The Hamilton/Trulli incident spiralled from a harmless attempt to play it by the book to a grave breach of sporting regulations in the three days between the Australian and Malaysian Grands Prix weekends

You have to feel for Martin Whitmarsh. Despite the fact that he's been at McLaren 20 years there's this funny perception that he's a new boy. And that his 'start' hasn't been too good.

There's never been a better illustration of how small, innocuous, 'nothing' events can snowball out of control in, for want of a better description, 'the media age' than what unfolded at the Malaysian Grand Prix.

Martin Whitmarsh © LAT
Australia hadn't been great by McLaren standards. As it had suspected, it went from the front almost to the back but still managed to salvage fourth place, which became third when the stewards awarded a 25s penalty to Jarno Trulli for re-passing Lewis Hamilton behind the safety car, having previously run off the road.

McLaren's sporting director, Davey Ryan, was cross with himself for not reacting quicker and telling the owner of the calm, unflappable voice you hear on the radio (Richard Hopkirk, team tactician for Lewis Hamilton) that it wasn't necessary for Lewis to allow Trulli back past. Lewis was cross that they'd needlessly ceded a podium. So in the stewards room they made out that Trulli had re-passed of his own accord, that Lewis had not slowed to allow him by.
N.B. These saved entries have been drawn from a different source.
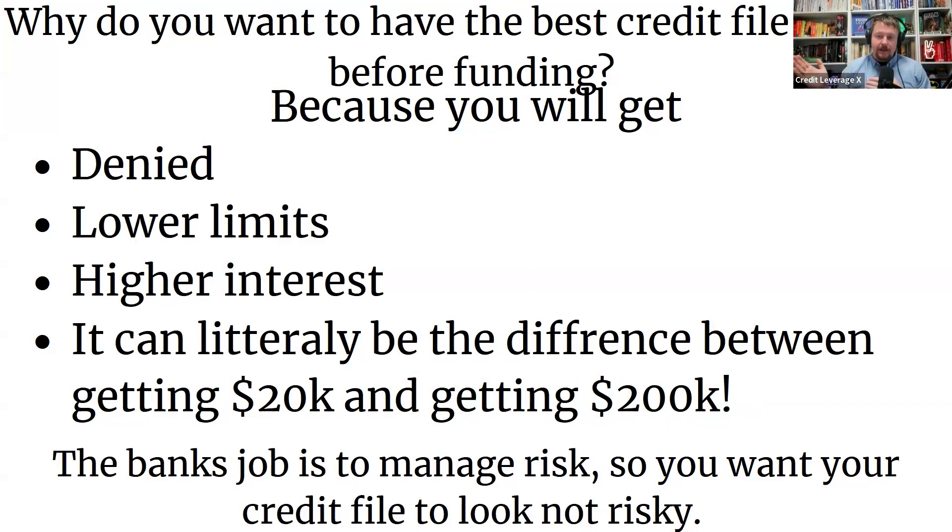The bank's job is to manage risk, so you want your credit profile to look as least risky as possible. The banks make money giving out the money, but their whole job is to manage the risk. That's why your credibility file is going to be the big difference between them giving you the bag or giving you just a sample to see how you do. Even if they give you a starter credit card, you can make on-time payments for three months, then ask for a credit increase or apply for a bigger card. It's always a stair-stepping process, and then you have to master using that funding to turn a profit.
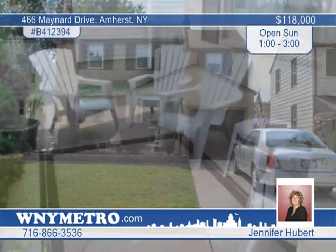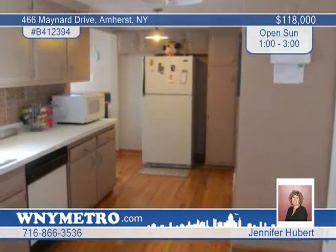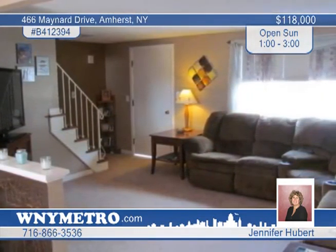Gorgeous curb appeal with a front porch swing for sitting greets you at this beautiful three-bedroom two-bath Amherst colonial with tons of updates. The spacious kitchen employs hardwood floors and all appliances are included. There are neutral colors throughout as well as new carpets. The formal dining room has sliding glass doors that lead to a huge deck.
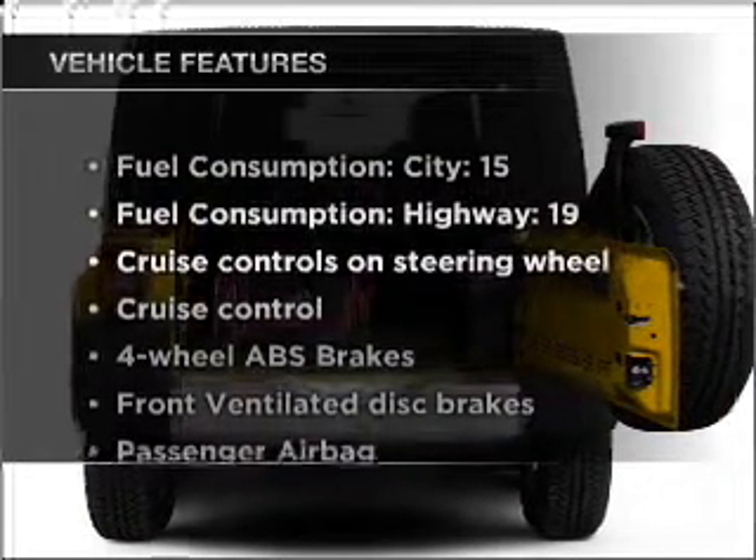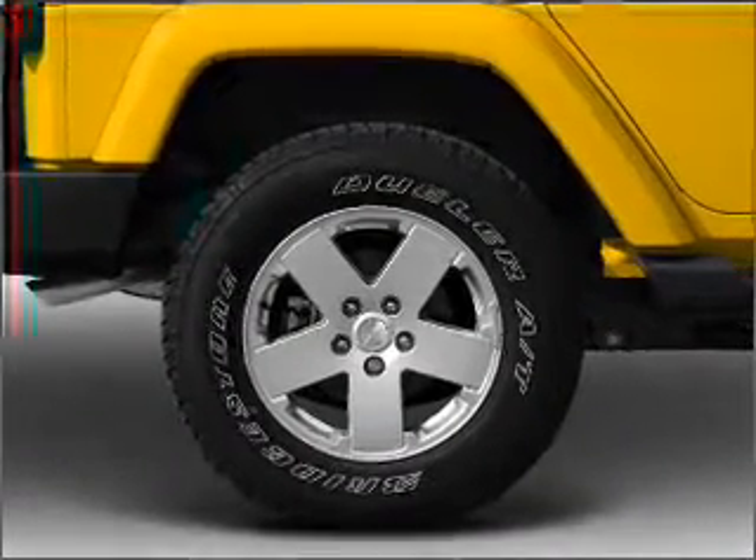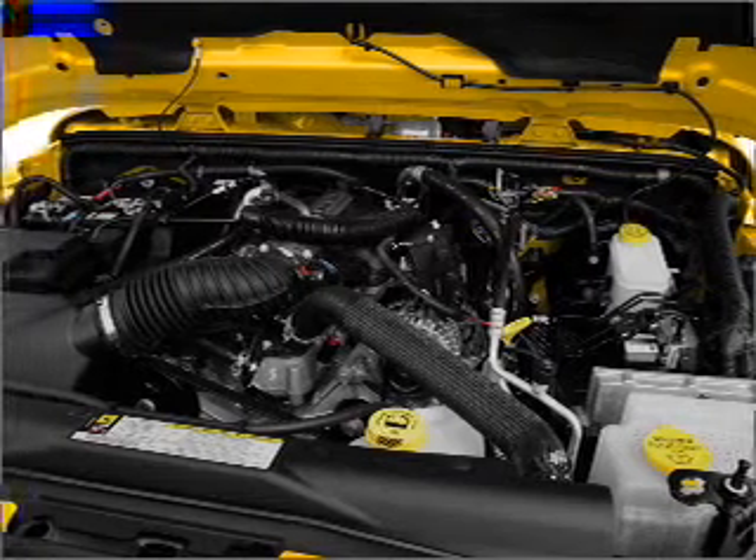Enjoy these notable features that are included in this vehicle: air conditioning, power steering, cruise control, an alarm system, an AM-FM stereo with a CD player, and an adjustable tilt steering wheel.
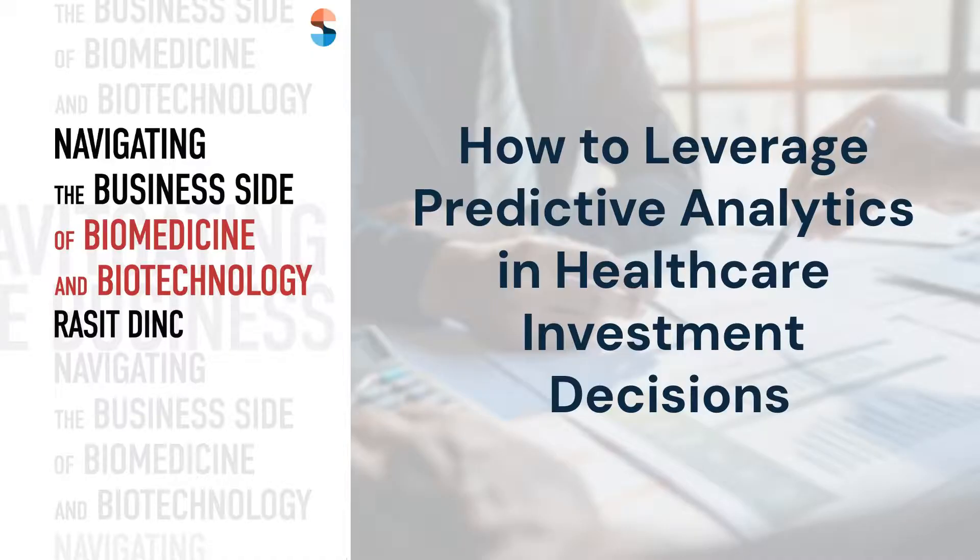Create custom dashboards to visualise your findings and set alerts for significant changes in the data. Consider participating in local healthcare hackathons to sharpen your data analysis skills and meet like-minded investors. By incorporating predictive analytics into your strategy, you can make more informed, data-driven investment decisions.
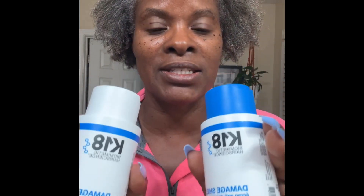They compared this K-18 to Olaplex. Some people even use it with Olaplex. I'm just going to use the K-18, but they said it's a great product based on the reviews I've seen on YouTube.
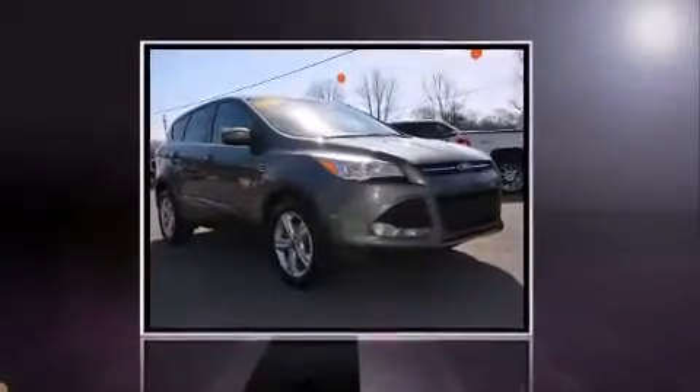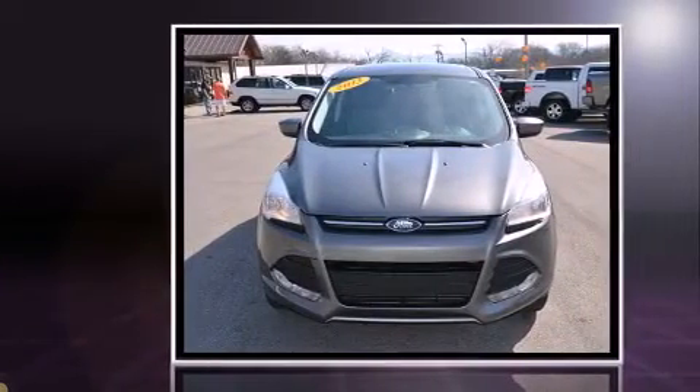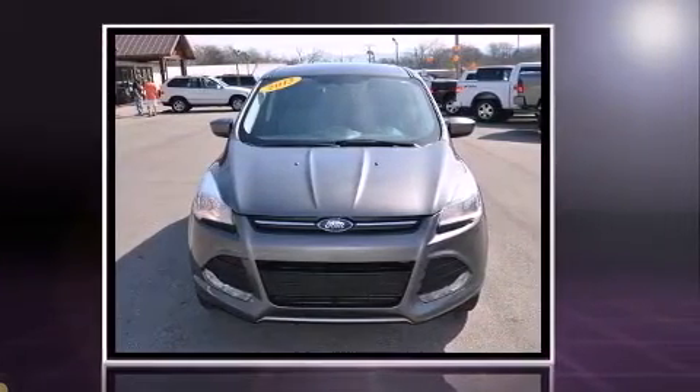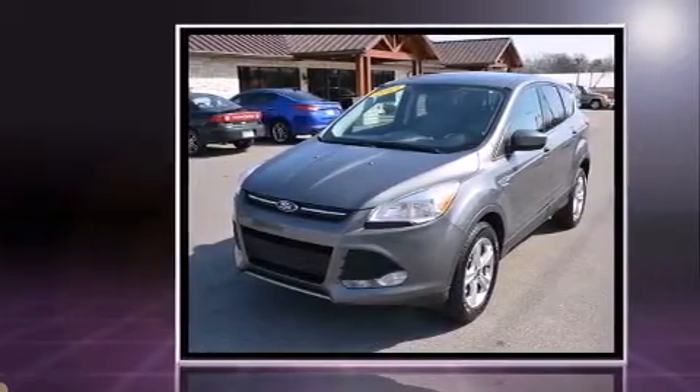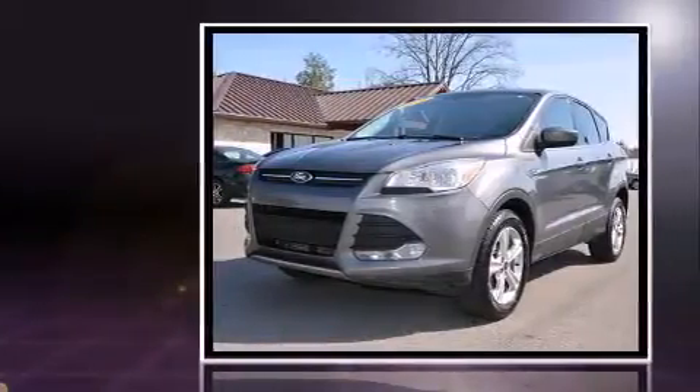Treat yourself to a test drive in the 2013 Ford Escape. It features a front-wheel drive platform, an automatic transmission, and an efficient four-cylinder engine. Turbocharger technology provides forced air induction, enhancing performance while preserving fuel economy.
But media interviews given by Hamilton when he got out of the car and before he went to the stewards room didn't square with that and once the FIA listened to the radio transmissions it was all too obvious what had happened. McLaren was in the mire.

But none of this was known on Sunday night when everyone left the Melbourne paddock. To get the whole show ripped down and reassembled, spick and span in Malaysia 72 hours later is some effort in logistics.

By the time you leave the media centre late on a Sunday night, forklifts are flying everywhere in the dark, freight crates are being stacked and the whole operation is a sight to behold.

For those fortunate enough not to be involved in all that, there's sometimes the opportunity to snatch two or three days in the sunshine. If you can include family, so much the better. Whitmarsh was among those who did. When he left Melbourne on Sunday night, there was no hint of a problem and doubtless nothing was further from his mind than what happened with Jarno Trulli behind a safety car.

The first indication that anything was amiss came on Wednesday, when stories began that the FIA was going to look into the Trulli/Hamilton incident again. They broke in Germany, several hours behind Indonesia, where Whitmarsh had probably put on his after- sun, enjoyed a cocktail and gone to bed.

Travelling, he arrived into the Sepang paddock a few hours later than usual on Thursday, no doubt to his eternal regret. Hamilton had also been on holiday but arrived earlier. So did Davey Ryan, who had a chat with Sam Michael at the paddock gate. The Williams technical director told him he'd just read on the internet that the stewards were reconvening to look into Australia.

This was mighty unusual. To reconsider additional evidence you have to reconvene the same three stewards. For it to happen in a different country at a couple of day's notice, was unexpected to put it mildly. Even if Whitmarsh had known there was an issue when he left Australia, he might reasonably have expected the team to be up before the beak in Paris in a couple of weeks.

But by the time he walked through the paddock gates at Sepang not quite four days later, all hell had broken loose. Hamilton had been chucked out of the Oz results, Trulli was reinstated and the liar headlines were already winging their way around the world. Whitmarsh was descended upon by the media on arrival and, naturally enough, defended his troops. When he said they hadn't lied it added to the general confusion and upset the media even more.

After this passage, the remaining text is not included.